During the first month of the study, the subjects ate three meals a day designed to reduce their daily calorie intake by 25% and familiarize them with their new normal. After a month, participants were able to choose from a variety of food plans that the researchers modified to suit different cultural preferences. In addition to receiving training in the basics of calorie restriction, participants attended group and individual counseling sessions during the first six months of the trial.
Maintaining a 25% calorie reduction proved difficult despite the support received by the participants. The majority of them did not reach the set goal, since they only reduced, on average, 12% of their calories at the end of the trial.
Although they did not reach the goal set by the researchers, participants in the restriction group tended to eat less fat than the control group. At the same time, they recorded a large increase in their intakes of vitamin K and magnesium, which are markers of a generally healthy diet, including foods such as green vegetables, whole grains and legumes,” as beans, lentils, edamame and chickpeas.
Impressive health benefits
After two years, the calorie-restricted group saw many health improvements, including:
A significant decrease in total cholesterol and LDL, the “bad” cholesterol.
a 24% drop in serum triglyceride levels, a type of fat in the blood, as well as improved insulin sensitivity (which reduces the risk of type 2 diabetes)
a significant reduction in systolic, diastolic, and mean blood pressure (although baseline blood pressure values were normal for participants at the start of the trial)
A significant reduction in the metabolic syndrome score, which takes into account waist circumference, systolic blood pressure, HDL (the “good” cholesterol) levels, triglycerides and blood sugar to determine certain risks, such as heart disease.
a reduction in a biomarker that indicates chronic inflammation and has been linked to heart disease, cancer and cognitive decline.
These results show that altering calorie intake could reduce the burden of diabetes and cardiovascular disease that we have in this country. It would be difficult to find a drug combination that would achieve the kind of reductions achieved in the calorie restriction group. Although participants who reduced their calorie intake lost about 10% of their body weight, this is not the determining factor in these results. There’s something about calorie restriction, a mechanism that researchers don’t yet understand, that drives these improvements.

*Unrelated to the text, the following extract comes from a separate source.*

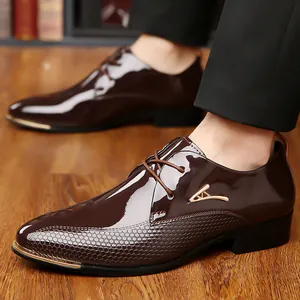 Detail of dark brown glossy leather dress shoe with gold metal trim and honeycomb texture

Calorie restriction: The new fountain of youth?
There could also be implications for what caloric restriction interventions might do for long-term health, even for people who try it for a set period of time rather than for life.
Although it has not been proven or is not part of this study, researchers believe that calorie restriction, even in young people of normal weight, could help “reset the baseline”, i.e. that is, to delay the time it takes for people to develop potentially serious illnesses. The next steps in research would be to combine calorie restriction with other lifestyle interventions, such as modest physical activity, and track the changes. It would be interesting to compare the continuous calorie restriction used in this study with other methods, such as intermittent fasting, to see how it might improve cardiometabolic risk factors.
A Simple Way to Try Limiting Calories
Reducing 300 calories a day may seem daunting, but calorie counting isn’t necessary. The easiest way to do this is to not eat after dinner. This is where most of the unnecessary calories come from and this is where you can make an impact without too much pain.